The confusion about Google’s identity may not be quite that Manichean, but it does run
deep. The company, which today celebrates the tenth anniversary of its incorporation,
remains an enigma despite the Everest-sized pile of press coverage that has been mounded around
it. People can’t even agree what industry it’s in. The many businesses that see the
young company as an actual or potential competitor include software houses, advertising agencies,
telephone companies, newspapers, TV networks, book publishers, movie studios, credit card
processors, and Internet firms of all stripes. If your business involves information, you
probably fear (and admire) Google.
The sheer breadth of Google’s influence and activity - just this past week it unveiled its own Web
browser, introduced face-recognition software, and
shot a satellite into orbit - can easily be interpreted as evidence that it is an entirely
new kind of business, one that transcends and redefines all traditional categories. But while
Google is an unusual company in many ways, when you boil down its business strategy, you find
that it’s not quite as mysterious as it seems. The way Google makes money is
straightforward: It brokers and publishes advertisements through digital media. More than 99
percent of its sales have come from the fees it charges advertisers for using its network to get
their messages out on the Internet.
Google’s protean appearance is not a reflection of its core business. Rather, it stems from
the vast number of complements to its core business. Complements are, to put it simply, any
products or services that tend be consumed together. Think hot dogs and mustard, or houses and
mortgages. For Google, literally everything that happens on the Internet is a complement to its
main business. The more things that people and companies do online, the more ads they see and the
more money Google makes. In addition, as Internet activity increases, Google collects more data
on consumers’ needs and behavior and can tailor its ads more precisely, strengthening its
competitive advantage and further increasing its income. As more and more products and services
are delivered digitally over computer networks — entertainment, news, software
programs, financial transactions — Google’s range of complements expands
into ever more industry sectors. That's why cute little Google has morphed into The Omnigoogle.
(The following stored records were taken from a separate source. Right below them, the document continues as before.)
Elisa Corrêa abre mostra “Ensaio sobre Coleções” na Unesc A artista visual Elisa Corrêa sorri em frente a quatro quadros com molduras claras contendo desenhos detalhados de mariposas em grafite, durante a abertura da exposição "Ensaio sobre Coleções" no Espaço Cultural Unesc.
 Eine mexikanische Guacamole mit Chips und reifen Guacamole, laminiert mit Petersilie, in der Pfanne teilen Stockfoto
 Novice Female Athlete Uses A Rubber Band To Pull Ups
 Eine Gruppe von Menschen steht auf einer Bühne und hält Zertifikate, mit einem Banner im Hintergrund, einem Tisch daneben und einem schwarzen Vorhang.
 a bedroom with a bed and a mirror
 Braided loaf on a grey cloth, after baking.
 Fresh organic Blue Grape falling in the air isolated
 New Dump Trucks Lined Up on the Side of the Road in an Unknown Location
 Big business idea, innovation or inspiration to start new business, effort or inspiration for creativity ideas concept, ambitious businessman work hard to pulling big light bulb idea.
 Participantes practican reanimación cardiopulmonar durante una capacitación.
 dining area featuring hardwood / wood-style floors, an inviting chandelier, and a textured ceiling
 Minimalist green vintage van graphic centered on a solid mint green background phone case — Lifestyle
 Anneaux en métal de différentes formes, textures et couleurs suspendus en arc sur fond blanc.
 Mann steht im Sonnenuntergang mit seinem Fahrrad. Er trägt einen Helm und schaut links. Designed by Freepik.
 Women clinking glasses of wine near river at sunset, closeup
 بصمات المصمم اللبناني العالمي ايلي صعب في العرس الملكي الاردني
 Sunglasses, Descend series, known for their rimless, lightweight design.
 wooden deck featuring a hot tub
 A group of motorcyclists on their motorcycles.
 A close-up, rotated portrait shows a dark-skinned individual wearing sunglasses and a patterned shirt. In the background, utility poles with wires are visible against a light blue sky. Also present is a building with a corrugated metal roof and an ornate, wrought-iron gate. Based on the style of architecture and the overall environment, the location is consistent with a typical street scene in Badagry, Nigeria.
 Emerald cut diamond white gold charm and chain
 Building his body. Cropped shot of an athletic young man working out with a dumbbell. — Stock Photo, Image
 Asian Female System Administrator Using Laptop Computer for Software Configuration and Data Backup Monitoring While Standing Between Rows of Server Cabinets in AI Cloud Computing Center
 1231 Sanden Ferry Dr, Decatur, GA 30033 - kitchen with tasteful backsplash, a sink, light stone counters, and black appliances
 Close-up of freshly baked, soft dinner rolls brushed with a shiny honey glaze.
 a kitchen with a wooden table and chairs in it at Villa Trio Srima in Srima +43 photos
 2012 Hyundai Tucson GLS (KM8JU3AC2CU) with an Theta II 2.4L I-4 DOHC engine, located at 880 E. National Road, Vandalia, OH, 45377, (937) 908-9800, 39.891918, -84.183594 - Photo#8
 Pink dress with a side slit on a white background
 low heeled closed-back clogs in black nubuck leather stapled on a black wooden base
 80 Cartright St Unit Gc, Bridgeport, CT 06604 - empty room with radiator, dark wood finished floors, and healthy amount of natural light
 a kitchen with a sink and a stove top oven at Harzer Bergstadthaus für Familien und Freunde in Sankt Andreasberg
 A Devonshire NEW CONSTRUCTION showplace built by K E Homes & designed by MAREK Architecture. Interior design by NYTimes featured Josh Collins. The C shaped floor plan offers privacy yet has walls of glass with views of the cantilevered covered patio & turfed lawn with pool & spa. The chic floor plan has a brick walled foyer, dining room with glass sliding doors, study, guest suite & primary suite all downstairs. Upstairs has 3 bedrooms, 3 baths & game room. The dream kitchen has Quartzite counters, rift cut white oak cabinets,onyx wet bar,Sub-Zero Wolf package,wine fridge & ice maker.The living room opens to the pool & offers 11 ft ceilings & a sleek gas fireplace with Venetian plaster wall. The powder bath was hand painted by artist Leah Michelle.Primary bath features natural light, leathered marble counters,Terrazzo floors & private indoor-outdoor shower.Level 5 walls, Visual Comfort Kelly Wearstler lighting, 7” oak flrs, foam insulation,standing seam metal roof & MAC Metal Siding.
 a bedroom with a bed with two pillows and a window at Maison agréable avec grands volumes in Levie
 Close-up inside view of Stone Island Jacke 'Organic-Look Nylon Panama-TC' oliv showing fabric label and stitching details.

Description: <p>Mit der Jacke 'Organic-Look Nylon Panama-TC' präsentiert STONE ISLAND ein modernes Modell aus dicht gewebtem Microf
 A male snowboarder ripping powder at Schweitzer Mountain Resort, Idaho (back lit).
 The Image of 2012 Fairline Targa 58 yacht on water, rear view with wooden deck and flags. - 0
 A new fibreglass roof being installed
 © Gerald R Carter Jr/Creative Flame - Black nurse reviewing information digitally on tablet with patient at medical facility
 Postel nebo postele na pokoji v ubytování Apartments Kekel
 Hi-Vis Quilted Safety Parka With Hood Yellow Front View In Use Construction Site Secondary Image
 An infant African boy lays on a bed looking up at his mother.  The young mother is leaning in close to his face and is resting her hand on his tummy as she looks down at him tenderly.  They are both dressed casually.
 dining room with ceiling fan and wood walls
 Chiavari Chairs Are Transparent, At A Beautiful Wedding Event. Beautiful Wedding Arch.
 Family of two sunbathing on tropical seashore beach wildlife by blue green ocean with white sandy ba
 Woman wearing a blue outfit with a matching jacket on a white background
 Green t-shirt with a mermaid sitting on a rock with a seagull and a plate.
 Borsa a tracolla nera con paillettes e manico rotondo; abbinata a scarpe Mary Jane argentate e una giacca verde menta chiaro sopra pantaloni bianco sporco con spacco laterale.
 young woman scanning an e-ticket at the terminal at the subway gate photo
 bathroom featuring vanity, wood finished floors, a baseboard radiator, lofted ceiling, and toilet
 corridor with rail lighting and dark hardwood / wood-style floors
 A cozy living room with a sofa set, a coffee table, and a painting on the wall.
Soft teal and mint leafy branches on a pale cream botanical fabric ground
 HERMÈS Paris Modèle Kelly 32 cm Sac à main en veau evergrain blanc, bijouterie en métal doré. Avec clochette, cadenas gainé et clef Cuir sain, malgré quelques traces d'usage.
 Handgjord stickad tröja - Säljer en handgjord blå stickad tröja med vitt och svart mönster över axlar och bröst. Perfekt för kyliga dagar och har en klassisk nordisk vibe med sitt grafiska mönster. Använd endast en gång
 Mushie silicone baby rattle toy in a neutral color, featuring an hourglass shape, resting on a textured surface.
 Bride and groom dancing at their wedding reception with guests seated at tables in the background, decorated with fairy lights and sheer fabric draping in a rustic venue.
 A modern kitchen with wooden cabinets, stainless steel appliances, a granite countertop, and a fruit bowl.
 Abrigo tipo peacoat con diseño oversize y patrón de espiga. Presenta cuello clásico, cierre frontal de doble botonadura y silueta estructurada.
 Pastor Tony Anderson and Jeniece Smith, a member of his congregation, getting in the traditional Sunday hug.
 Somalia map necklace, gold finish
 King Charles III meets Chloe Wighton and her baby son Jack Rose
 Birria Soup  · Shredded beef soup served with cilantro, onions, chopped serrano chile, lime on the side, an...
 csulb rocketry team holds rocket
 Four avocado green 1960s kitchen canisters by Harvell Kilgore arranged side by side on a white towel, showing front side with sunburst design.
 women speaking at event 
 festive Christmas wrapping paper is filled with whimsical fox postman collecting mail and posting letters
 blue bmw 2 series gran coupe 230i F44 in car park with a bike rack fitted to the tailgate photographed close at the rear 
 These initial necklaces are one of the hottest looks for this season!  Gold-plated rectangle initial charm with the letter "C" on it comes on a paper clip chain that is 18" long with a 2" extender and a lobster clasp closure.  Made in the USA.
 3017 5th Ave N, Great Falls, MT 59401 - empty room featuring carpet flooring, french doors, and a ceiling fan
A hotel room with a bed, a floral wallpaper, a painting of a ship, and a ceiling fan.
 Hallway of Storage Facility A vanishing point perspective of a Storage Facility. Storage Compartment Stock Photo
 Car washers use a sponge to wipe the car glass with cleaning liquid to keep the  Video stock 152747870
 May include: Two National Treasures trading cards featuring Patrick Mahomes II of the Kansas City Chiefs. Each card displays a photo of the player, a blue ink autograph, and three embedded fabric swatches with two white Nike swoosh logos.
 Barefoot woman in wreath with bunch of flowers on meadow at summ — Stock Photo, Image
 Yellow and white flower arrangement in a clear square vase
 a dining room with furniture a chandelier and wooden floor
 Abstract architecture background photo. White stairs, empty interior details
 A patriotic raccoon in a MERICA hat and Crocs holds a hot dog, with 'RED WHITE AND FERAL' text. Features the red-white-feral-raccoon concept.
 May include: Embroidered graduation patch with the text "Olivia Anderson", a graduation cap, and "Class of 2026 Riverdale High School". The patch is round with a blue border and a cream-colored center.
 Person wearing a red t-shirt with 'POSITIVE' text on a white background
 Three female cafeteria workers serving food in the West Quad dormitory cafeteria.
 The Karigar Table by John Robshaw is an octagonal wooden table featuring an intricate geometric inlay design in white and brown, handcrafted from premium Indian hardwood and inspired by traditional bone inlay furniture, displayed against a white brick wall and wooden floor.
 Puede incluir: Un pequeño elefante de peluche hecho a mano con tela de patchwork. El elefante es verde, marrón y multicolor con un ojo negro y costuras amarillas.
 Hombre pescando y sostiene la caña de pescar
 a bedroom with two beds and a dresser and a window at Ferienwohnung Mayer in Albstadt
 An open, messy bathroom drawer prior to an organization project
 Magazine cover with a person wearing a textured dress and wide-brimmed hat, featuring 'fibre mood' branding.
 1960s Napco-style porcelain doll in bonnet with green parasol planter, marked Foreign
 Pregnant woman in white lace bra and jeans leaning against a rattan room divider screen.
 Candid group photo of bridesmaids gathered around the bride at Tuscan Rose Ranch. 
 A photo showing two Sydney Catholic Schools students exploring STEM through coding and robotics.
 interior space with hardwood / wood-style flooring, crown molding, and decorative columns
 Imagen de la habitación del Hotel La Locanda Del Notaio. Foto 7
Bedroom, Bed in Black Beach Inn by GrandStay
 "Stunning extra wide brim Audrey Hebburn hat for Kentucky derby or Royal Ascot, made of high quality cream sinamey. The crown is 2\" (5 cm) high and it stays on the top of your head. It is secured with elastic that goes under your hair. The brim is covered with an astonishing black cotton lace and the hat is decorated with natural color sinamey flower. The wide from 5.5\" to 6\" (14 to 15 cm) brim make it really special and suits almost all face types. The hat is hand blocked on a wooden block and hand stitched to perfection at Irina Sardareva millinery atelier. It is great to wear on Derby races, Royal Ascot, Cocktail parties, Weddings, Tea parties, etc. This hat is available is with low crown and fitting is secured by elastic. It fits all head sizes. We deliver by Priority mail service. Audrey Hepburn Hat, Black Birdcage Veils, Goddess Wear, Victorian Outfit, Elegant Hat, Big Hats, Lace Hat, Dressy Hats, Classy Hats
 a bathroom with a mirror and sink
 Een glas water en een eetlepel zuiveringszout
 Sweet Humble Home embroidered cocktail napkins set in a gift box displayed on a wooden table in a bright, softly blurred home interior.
Because the sales of complementary products rise in tandem, a company has a strong strategic
interest in reducing the cost and expanding the availability of the complements to its core
product. It’s not too much of an exaggeration to say that a company would like all
complements to be given away. If hot dogs became freebies, mustard sales would skyrocket.
It’s this natural drive to reduce the cost of complements that, more than anything else,
explains Google’s strategy. Nearly everything the company does, including building big data
centers, buying optical fiber, promoting free Wi-Fi access, fighting copyright restrictions,
supporting open source software, launching browsers and satellites, and giving away all sorts of
Web services and data, is aimed at reducing the cost and expanding the scope of Internet use.
Google wants information to be free because as the cost of information falls it makes more money.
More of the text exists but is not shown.